» **GIVEN DATA**

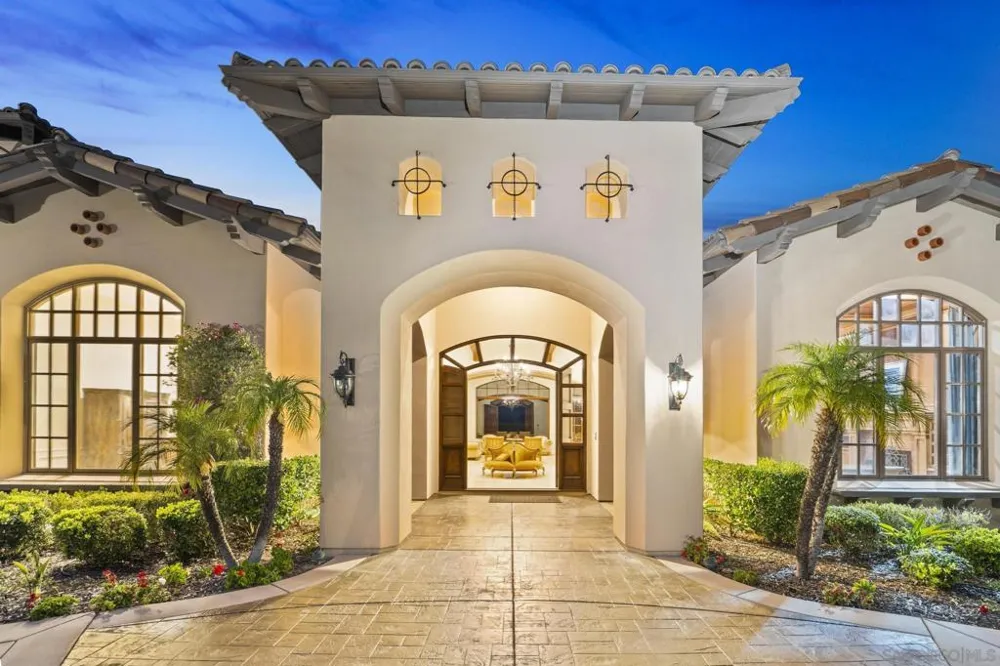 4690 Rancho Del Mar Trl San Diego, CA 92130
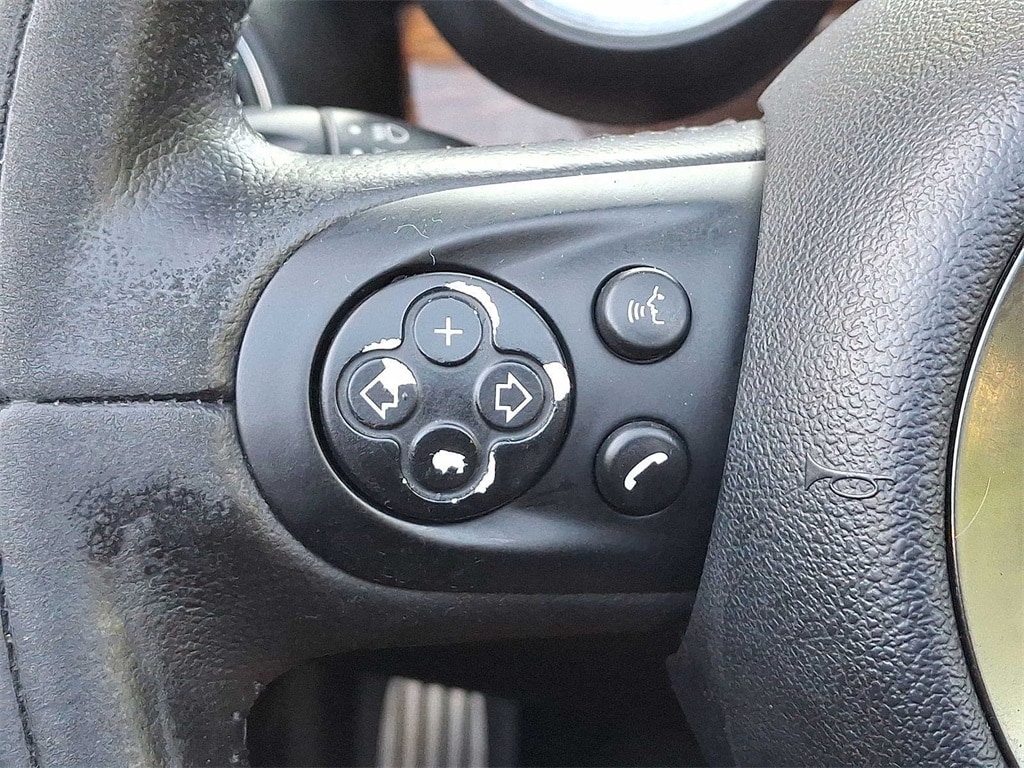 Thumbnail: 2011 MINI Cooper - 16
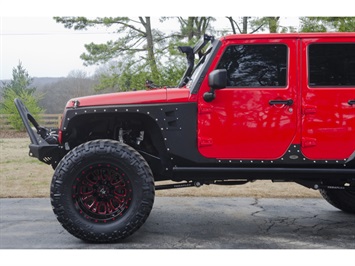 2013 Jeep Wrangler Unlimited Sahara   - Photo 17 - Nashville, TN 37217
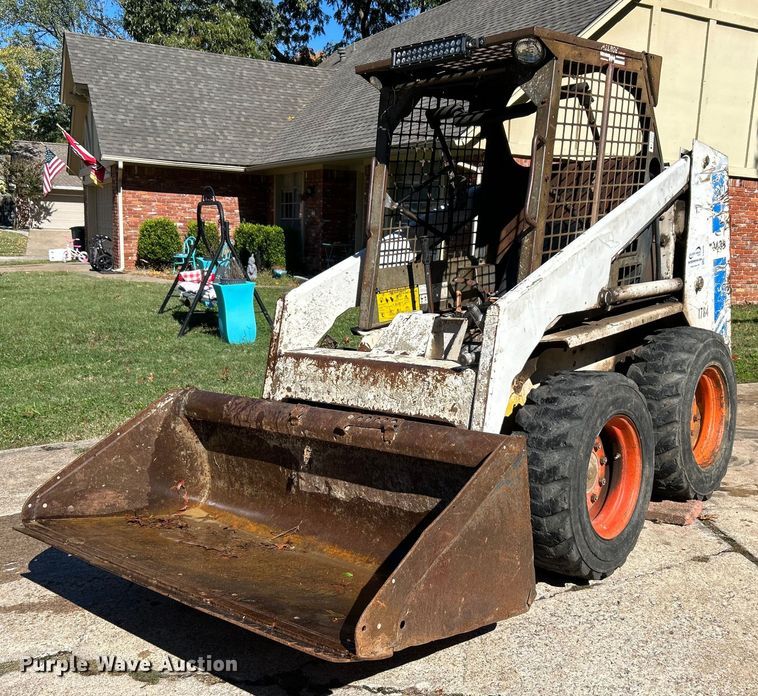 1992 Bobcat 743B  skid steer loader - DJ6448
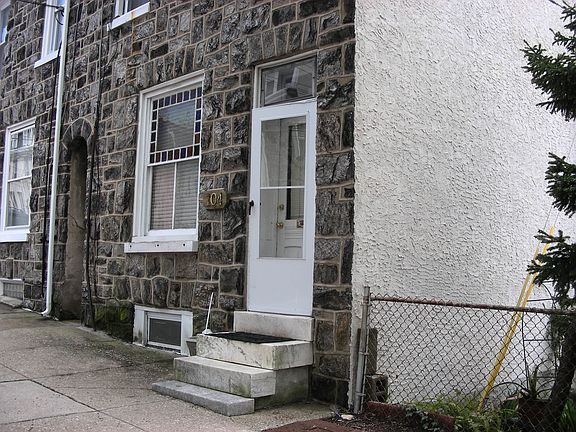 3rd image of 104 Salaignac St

» **WORK INSTRUCTIONS**
Omit the pictures. Write out exactly the lines from the one containing "Thumbnail: 2011 MINI Cooper - 16" through the last line of the entries, both of them included.

» **ANSWER TO THIS TASK**
 Thumbnail: 2011 MINI Cooper - 16
 2013 Jeep Wrangler Unlimited Sahara   - Photo 17 - Nashville, TN 37217
 1992 Bobcat 743B  skid steer loader - DJ6448
 3rd image of 104 Salaignac St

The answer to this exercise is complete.